第52話 ドSからのサプライズプレゼント。

『さ、佐野さぁーん!?』あたしは佐野さんの車近くにて、小声で佐野さんの名前を呼ぶ。


『おせーよ。』『いた。すみません、遅くなりました。』『どーせ小久保が休憩オーバーしたんだろ?』『・・・まぁ。』『飯、まだだろ!?』『あ、はい。』『1時間だけ時間くれ。』


そう言った佐野さんはあたしを車に乗せ、コンビニで熱々のおでんとおにぎりを購入しとある場所へとやって来た。


『寒いけど、ちょっと我慢な。』『大丈夫です。』車を降り、歩く事10分。


『わあぁぁぁ・・・。』『ここなら若干夜景も見えるだろ?』田舎の街に小さな光で囲まれた木々達。

白と青で照らされた、丘の上にある小さな夜景・・・。


『こんな場所、あったんですね。

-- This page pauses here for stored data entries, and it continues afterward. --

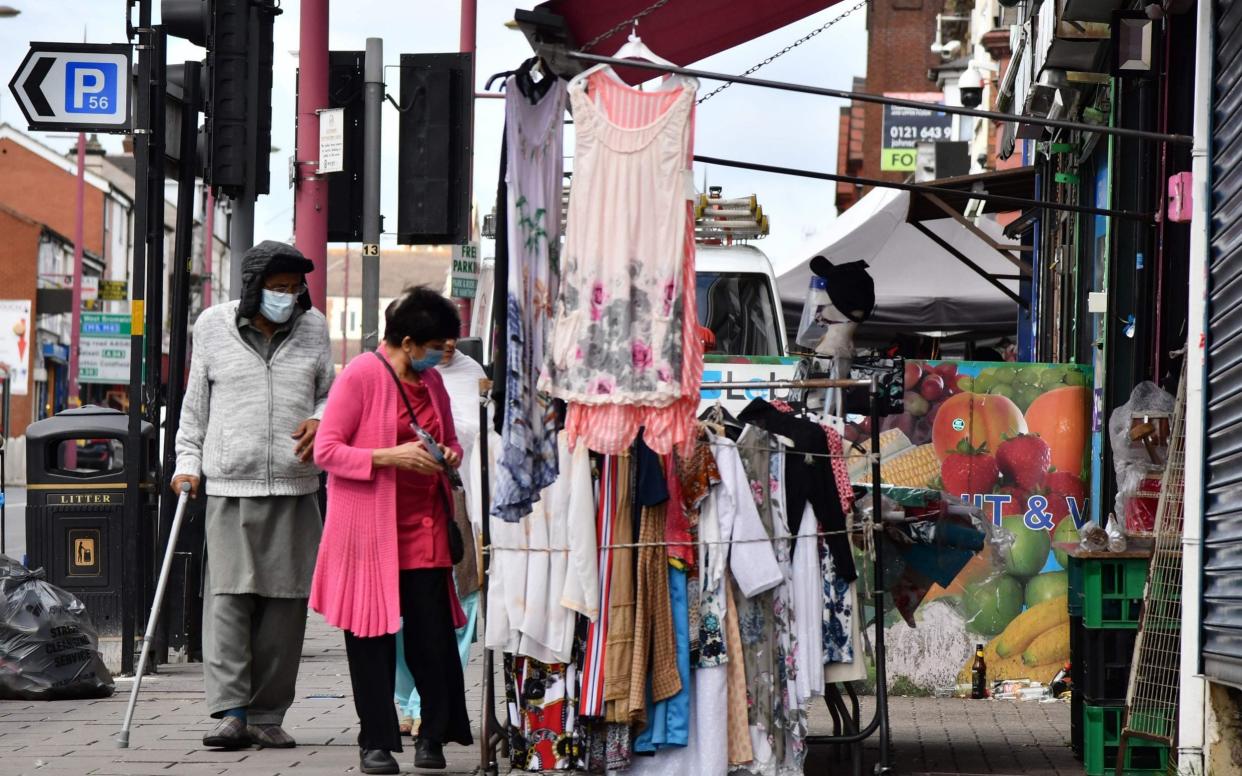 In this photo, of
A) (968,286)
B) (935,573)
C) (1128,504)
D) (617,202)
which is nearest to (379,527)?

』『この間、車で走ってたら見つけたんだ。』『凄く綺麗です!!』『ここで飯食おうぜ。』『はい!!』


佐野さんらしい気配り。

あたしが落ち込んでるとでも思ったのだろう。そして、今日の夜勤が小久保(さん)という事もあり、ストレスが溜まっているのを悟ってくれたのだろう。

外に連れ出し、小さなイルミネーションだけど夜景を眺めながら温かいおでんを2人で食べて・・・。

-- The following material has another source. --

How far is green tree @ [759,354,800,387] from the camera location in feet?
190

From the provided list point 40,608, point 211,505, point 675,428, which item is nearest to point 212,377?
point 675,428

本当、佐野さんはあたしの性格をちゃんと把握してくれていた。


『夜勤、大丈夫か?』『はい、相手にしてません。』『女って、色々大変なんだな。』『どこに行っても消えない試練です。』


佐野さんが隣にいると落ち着く。安心する。

きっと、これが「恋」なんだって、つくづく実感させられる。

佐野さんだって、仕事終わりで疲れているだろうに、わざわざこんな計画を立ててくれて・・・本当に申し訳ない。

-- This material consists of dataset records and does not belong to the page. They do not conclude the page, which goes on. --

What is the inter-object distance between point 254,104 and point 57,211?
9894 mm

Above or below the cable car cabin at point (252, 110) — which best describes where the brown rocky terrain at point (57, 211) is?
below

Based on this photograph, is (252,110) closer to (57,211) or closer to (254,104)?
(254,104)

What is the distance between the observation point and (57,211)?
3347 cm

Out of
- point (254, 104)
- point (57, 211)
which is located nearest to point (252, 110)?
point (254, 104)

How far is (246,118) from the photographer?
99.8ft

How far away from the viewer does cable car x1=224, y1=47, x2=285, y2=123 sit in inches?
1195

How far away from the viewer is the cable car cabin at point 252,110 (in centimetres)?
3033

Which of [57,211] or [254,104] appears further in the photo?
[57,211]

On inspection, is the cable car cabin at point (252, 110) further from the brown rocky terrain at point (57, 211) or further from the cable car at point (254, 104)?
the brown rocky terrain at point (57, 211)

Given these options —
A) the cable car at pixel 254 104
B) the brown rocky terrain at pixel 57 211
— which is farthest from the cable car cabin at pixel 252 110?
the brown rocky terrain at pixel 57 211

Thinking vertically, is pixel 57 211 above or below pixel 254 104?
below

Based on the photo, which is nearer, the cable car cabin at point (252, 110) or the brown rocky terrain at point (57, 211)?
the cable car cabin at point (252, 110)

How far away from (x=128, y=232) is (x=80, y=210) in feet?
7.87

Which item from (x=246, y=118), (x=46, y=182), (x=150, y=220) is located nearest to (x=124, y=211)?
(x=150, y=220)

『佐野さん、ごめんなさい。』『何が?』『あたしがもっと色々しっかりしてれば、佐野さんが疲れる事もないんですよね。』『俺がしたいからこうやってる。お前は関係ない。』


もし、佐野さんと出逢っていなければ。

佐野さんを好きになっていなければ、あたしはとっくに施設を辞めて、自分が何をしたいのかさ迷いながら介護士の仕事から離れていたかもしれない。


佐野さんと出逢い、美香さんに出逢い・・・カツオに色んな意味で勇気を貰い。


大人になっても成長はし続けていく。

どんなに嫌な事があっても、前を向いて顔を上げて、自分に自信を持って歩いて行くしかない。

それが、あたしの今の「目標」・・・。


『阿部。』『はい?』『明日って、何してる?』『明日は夜勤開けなので、家でぐうたらですかねぇ(笑)』『ちょっと遠出して、遊園地行かないか?』『えっ!!行く!!行きたいです!』


「美香と只野も一緒なんだけど、いい?」


だと思った。いや、むしろそれでいい。

あたしはカツオに言いたい事がある。


「足を洗って出直せ」と。


『いいですよ!』『じゃぁ、明日夜勤開けに迎えに来るから。』


あたしは、カツオに会える事で何故かワクワクが止まらなかった。